* _TASK_
Within the records below, how many lines hold the word "toggle"? Only the number should be returned.

───── DATA LISTING ─────

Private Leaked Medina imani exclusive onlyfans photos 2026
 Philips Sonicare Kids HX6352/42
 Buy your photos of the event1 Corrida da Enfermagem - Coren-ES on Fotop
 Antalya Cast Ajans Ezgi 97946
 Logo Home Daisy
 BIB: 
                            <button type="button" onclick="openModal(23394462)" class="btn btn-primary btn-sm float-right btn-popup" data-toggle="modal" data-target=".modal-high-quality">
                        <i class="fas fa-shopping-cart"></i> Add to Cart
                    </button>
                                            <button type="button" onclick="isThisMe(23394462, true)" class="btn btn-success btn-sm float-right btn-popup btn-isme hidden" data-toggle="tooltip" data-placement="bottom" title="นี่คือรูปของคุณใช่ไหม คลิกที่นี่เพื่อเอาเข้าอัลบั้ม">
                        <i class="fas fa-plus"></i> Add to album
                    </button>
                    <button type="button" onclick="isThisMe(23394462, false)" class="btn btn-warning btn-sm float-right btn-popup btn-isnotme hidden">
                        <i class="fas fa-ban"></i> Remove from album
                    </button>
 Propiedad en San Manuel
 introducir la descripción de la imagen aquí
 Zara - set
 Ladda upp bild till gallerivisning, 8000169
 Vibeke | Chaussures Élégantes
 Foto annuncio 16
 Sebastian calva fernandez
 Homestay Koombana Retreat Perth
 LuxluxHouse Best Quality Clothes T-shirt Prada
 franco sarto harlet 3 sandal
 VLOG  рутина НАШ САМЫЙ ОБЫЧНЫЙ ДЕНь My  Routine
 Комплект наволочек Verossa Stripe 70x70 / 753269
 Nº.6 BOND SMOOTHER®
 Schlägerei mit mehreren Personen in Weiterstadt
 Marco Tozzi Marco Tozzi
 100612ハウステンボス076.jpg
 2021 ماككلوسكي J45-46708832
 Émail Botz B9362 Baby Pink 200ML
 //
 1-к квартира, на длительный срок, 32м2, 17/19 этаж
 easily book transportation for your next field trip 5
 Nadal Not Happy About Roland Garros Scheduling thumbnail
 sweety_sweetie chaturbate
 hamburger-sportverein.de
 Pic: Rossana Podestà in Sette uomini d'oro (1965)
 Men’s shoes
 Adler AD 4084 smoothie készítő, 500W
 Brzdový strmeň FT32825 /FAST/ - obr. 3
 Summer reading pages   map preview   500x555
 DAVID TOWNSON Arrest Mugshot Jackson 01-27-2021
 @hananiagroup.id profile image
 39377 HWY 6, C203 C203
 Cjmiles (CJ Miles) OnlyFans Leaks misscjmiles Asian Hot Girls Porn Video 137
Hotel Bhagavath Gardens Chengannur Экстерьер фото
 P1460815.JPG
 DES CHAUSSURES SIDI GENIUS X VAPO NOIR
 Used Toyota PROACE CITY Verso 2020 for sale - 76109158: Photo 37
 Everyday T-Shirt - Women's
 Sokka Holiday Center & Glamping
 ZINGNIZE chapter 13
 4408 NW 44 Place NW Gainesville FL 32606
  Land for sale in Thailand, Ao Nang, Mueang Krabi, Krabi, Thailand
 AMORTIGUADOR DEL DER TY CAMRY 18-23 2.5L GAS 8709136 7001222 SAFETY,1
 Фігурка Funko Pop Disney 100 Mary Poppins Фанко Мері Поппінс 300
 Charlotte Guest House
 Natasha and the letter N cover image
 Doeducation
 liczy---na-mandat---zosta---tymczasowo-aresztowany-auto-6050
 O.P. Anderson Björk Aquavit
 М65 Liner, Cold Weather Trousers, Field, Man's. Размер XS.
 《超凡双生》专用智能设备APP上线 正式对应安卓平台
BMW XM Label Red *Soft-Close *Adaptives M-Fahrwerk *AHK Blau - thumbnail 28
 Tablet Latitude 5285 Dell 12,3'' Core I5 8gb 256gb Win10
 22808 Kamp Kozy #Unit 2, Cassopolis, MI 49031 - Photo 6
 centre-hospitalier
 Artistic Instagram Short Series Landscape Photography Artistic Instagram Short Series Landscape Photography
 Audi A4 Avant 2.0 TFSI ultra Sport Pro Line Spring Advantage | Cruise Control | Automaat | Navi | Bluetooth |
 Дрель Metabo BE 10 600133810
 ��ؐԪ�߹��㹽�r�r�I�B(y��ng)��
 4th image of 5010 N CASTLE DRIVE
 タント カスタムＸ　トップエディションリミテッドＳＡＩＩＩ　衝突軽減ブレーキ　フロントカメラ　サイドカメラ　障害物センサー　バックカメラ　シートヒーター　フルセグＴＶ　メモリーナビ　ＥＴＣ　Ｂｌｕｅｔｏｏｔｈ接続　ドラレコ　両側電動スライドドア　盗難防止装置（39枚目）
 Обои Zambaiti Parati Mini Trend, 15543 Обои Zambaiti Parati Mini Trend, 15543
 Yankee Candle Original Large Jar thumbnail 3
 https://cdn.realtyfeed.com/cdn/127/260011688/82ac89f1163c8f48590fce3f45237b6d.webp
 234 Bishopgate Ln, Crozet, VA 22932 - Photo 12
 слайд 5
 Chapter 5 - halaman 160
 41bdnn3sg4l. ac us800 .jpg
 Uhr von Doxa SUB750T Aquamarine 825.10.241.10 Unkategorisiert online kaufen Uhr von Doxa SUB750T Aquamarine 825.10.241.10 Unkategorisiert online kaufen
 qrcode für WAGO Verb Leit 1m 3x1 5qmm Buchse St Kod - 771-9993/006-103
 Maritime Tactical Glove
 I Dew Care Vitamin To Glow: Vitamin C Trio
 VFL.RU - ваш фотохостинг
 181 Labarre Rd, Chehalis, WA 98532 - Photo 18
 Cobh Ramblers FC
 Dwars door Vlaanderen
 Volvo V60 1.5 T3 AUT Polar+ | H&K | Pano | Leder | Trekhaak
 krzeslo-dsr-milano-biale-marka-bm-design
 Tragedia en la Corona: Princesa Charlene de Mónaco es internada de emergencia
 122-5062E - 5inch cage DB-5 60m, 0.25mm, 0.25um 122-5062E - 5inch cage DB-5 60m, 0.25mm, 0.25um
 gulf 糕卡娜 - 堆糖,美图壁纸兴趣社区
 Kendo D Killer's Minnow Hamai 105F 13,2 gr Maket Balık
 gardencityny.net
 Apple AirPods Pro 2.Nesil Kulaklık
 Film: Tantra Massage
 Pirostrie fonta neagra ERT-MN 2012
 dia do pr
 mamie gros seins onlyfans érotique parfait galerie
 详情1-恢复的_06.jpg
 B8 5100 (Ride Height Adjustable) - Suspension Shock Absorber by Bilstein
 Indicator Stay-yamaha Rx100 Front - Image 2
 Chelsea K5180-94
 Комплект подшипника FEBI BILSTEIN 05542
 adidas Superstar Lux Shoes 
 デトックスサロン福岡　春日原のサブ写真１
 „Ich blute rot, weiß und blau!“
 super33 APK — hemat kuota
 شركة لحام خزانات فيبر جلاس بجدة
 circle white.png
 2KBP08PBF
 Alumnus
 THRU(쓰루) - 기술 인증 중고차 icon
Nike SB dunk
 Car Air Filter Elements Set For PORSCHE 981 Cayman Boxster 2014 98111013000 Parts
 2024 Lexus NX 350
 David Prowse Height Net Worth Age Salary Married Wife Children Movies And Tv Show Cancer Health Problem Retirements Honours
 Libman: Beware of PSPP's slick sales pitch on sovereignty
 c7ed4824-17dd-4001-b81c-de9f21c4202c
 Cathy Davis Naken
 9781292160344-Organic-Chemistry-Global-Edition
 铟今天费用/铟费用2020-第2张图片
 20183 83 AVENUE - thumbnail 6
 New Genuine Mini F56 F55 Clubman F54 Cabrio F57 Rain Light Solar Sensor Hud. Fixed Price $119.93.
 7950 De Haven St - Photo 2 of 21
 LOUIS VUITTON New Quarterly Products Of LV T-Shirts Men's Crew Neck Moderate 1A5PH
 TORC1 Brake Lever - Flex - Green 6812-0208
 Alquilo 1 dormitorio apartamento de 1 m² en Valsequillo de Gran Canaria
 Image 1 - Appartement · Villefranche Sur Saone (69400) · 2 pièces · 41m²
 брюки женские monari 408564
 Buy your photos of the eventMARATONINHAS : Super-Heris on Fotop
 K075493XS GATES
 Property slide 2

─────

* _ANSWER SECTION_
2